Nuri Korman
Nuri Korman Kastamonu’nun Taşköprü Kazası’nın Kozluca Karyesi ahâlîsindendir. Sultan Mahmud Hân-ı Sânî’nin irtihâli eyyâmında İstanbul’a hicret etmiştir. Zâ’imoğlu Alî Ağa’nın oğlu olarak H. 1285/M. 1868-1869 seneside Ortaköy’de dünyaya gelmiştir. Nûrî Korman, henüz kırk günlükken getirildiği Beşiktaş’ta vefâtına kadar ikamet ettiğinden, Türk hattatları meyânında “Beşiktaşlı” nâmı ile yâd olunmuştur.
Abbas Ağa Sıbyân Mektebi’ne ve ardından Beşiktaş Mülkî Rüşdî Mektebi’ne devam edip şahâdetnâme aldıktan sonra Sinan Paşa Medresesi’nde Afyonkarahisarlı Ahmed İlhâmî Efendi’den tahsîl-i ilim ettikten sonra mülazemetle Adliye Nezâreti, Temyîz-i Cezâ Mahkemesi Kalemi’ne devam etmeye başlayan Nûrî Korman, babasının vefâtı üzerine kalemi terkederek memleketine gitti. İki sene burada ikametle, babasından intikal eden işleri halle muvaffâk olduktan tekrar İstanbul’a döndü.

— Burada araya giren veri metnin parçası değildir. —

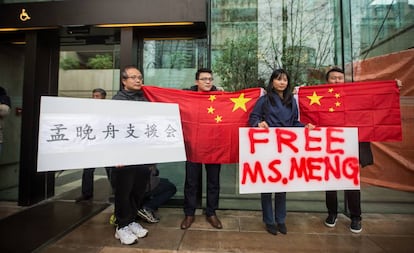 Partidarios de la directora financiera de Huawei protestan ante el Tribunal Supremo de Canadá, en Vancouver.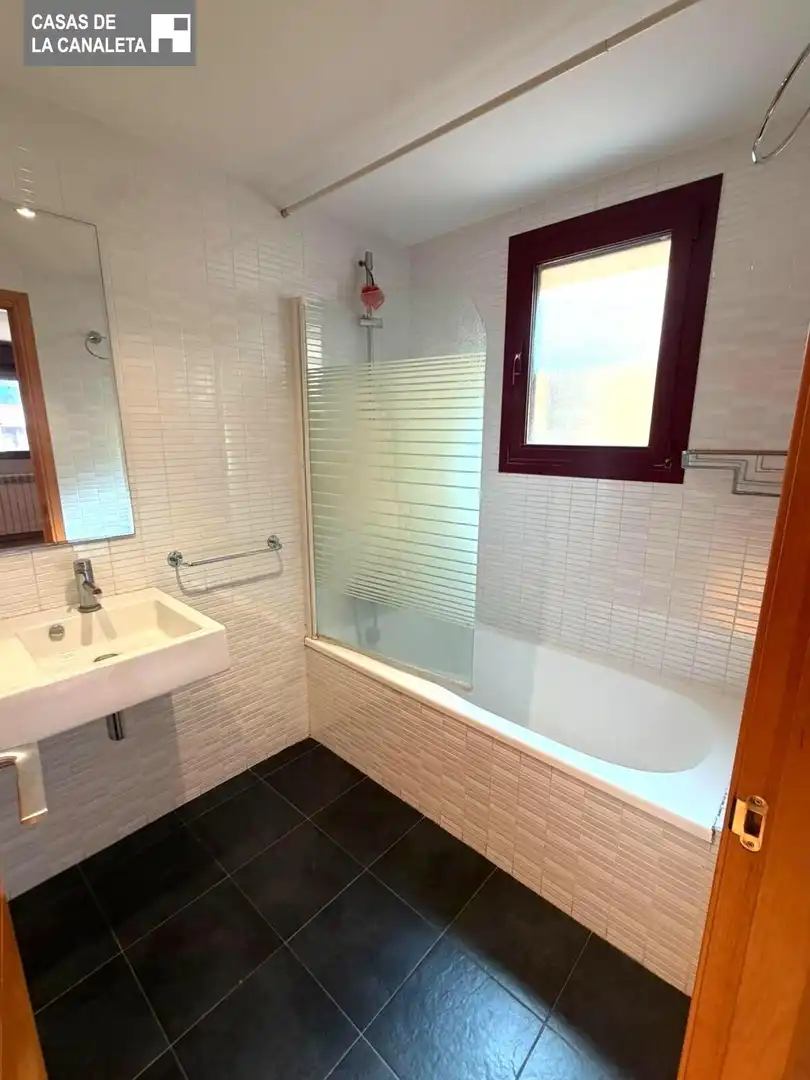 Baño de Piso de alquiler en Mislata con Aire acondicionado, Calefacción y Parquet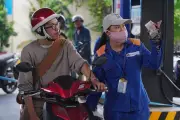 Người dân Hà Nội, TPHCM chia sẻ ý kiến ngày đầu chỉ bán E10 và E5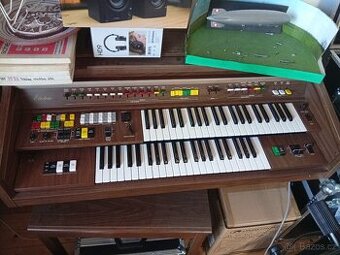 Elektrické varhany Yamaha Electone B-75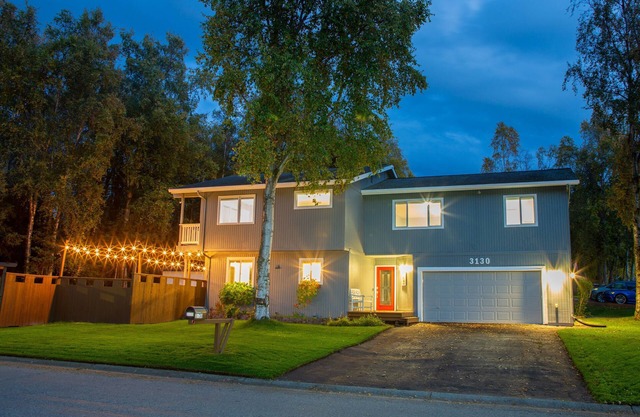 Quiet large home in South Anchorage to launch your Alaska Adventure!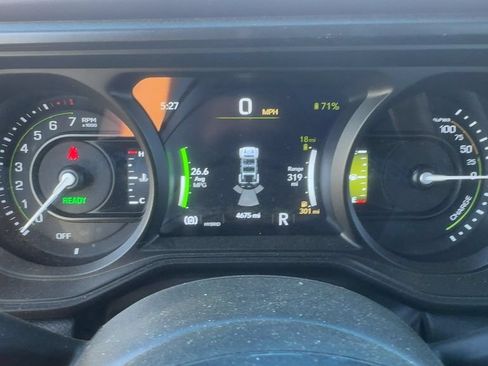 Used 2024 Jeep Wrangler Unlimited Rubicon 4xe AWD/4WD image 16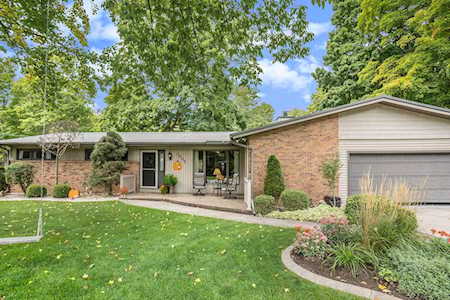 1002 Beechwood Drive Nappanee, IN 46550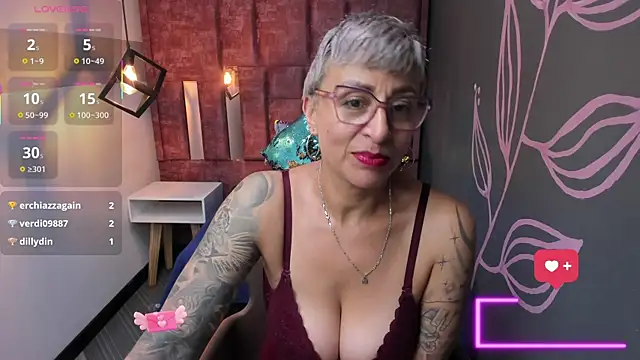 Charlotte  Gray online show from January 11, 2026, 4:39 am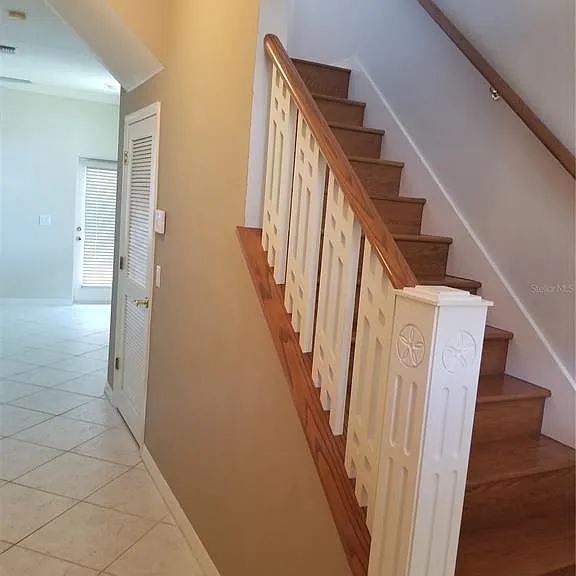 3043 Pointeview Dr — Photo 10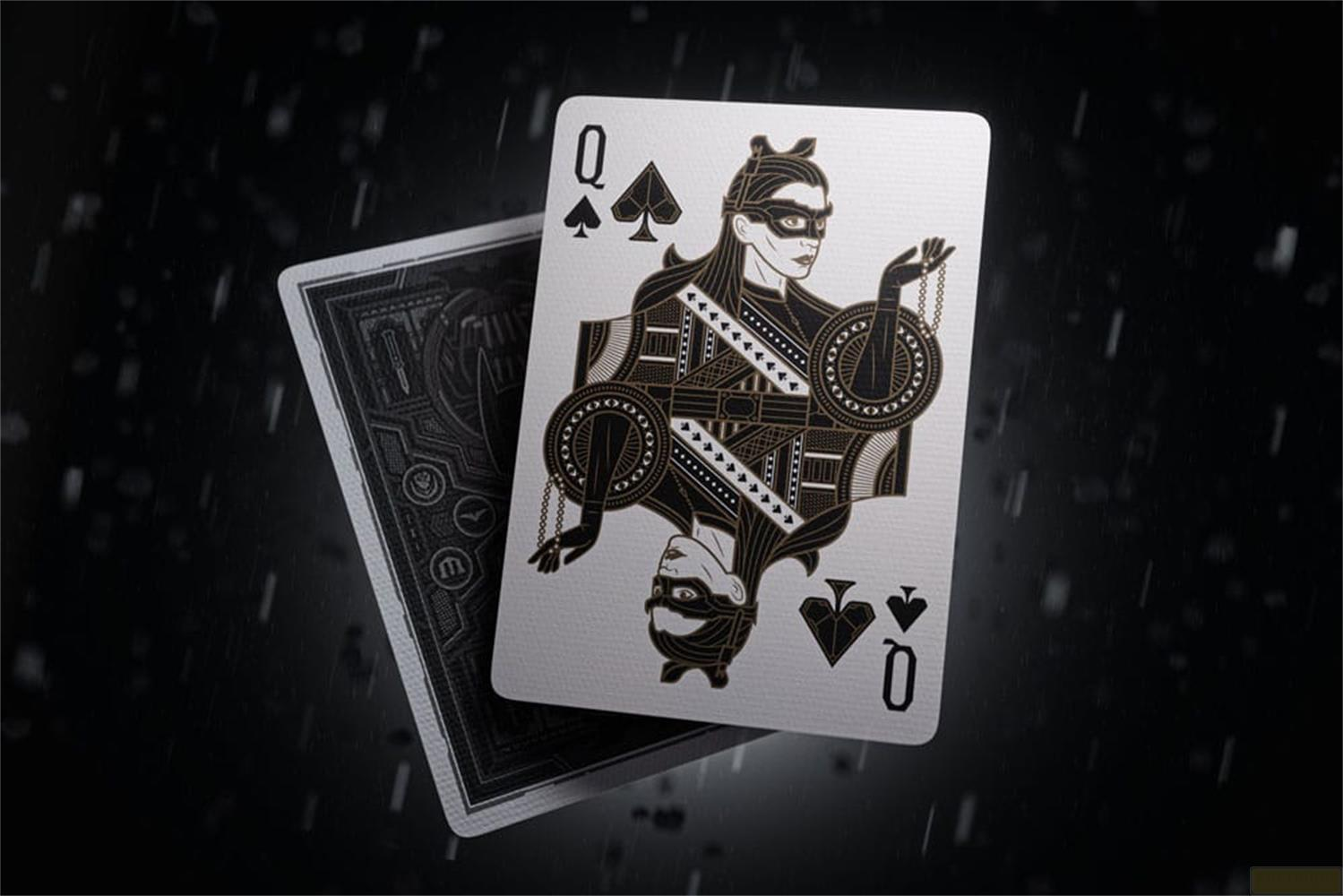 Carte à jouer Dame de Pique avec design noir sur fond blanc.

Hattat Nuri Korman Kimdir?
Bir müddet sonra Beşiktaş’taki Mekteb-i Hamidî’ye sülüs ve nesih mu’allimi olup muhtelif zamanlarda evlâd-ı küberâya yazı dersleri vermiştir. Hattat Nûrî Korman, H. 1310/M. 1893 senesinde Matba’a-i Âmire’nin ser-hattatlığına ta’yin edilmişse de ertesi sene ayrılmıştır. Meşrûtiyet’in ilanını müte’akib Mekteb-i Hamîdi’nin kapatılması üzerine, oğullarına yazı dersi vermiş olduğu Hıdîv İsmâ‘il Paşa’nın kerîmesi Fâtıma Hanım ile beraber Mısır’a gitti.
Bir müddet sonra Hicâz’a giderek Hac farizasını edâ eyledikten sonra Mısır’a yerleşip iki seneye yakın orada kalan Nûrî Korman, daha sonra İstanbul’a dönerek Bâb-ı Âlî Caddesi’nde açtığı dükkânda yazı işleri ile meşgul olmağa başladı. Bilâhare Medresetü’l-hattâtîn’in sülüs ve nesih mu’allimliğine ta’yin edilip harf inkılâbına kadar devam etti. Ancak yazının tebeddülü üzerine, 1929’da her şeyi terkederek babasının köyüne yerleşti. Beşiktaşlı Hacı Nuri Korman
Beşiktaşlı Nuri Korman Hayatı
Birkaç sene çiftçilikle meşgul olduktan sonra, aldığı davet üzerine İstanbul’a dönmüş. Güzel Sanatlar Akademisi’nde aklâm-ı sitte dersleri vermeğe başlamıştır. Beşiktaşlı Hattat Nûrî Korman, nice zaman hüsn-i hizmette bulunmuş, son zamanlarında ise yaşlılığı nedeniyle Akademi’ye devam edemeyince Akaretler’deki evinde öğrenci kabul etmeğe başlamıştı. Nihâyet bu hâl üzere iken H. 11 Zi’l-hicce 1371/M. 12 Eylül 1951 tarihinde vefât etmiş ve Yahyâ Efendi Kabristânı’na defnolunmuştur.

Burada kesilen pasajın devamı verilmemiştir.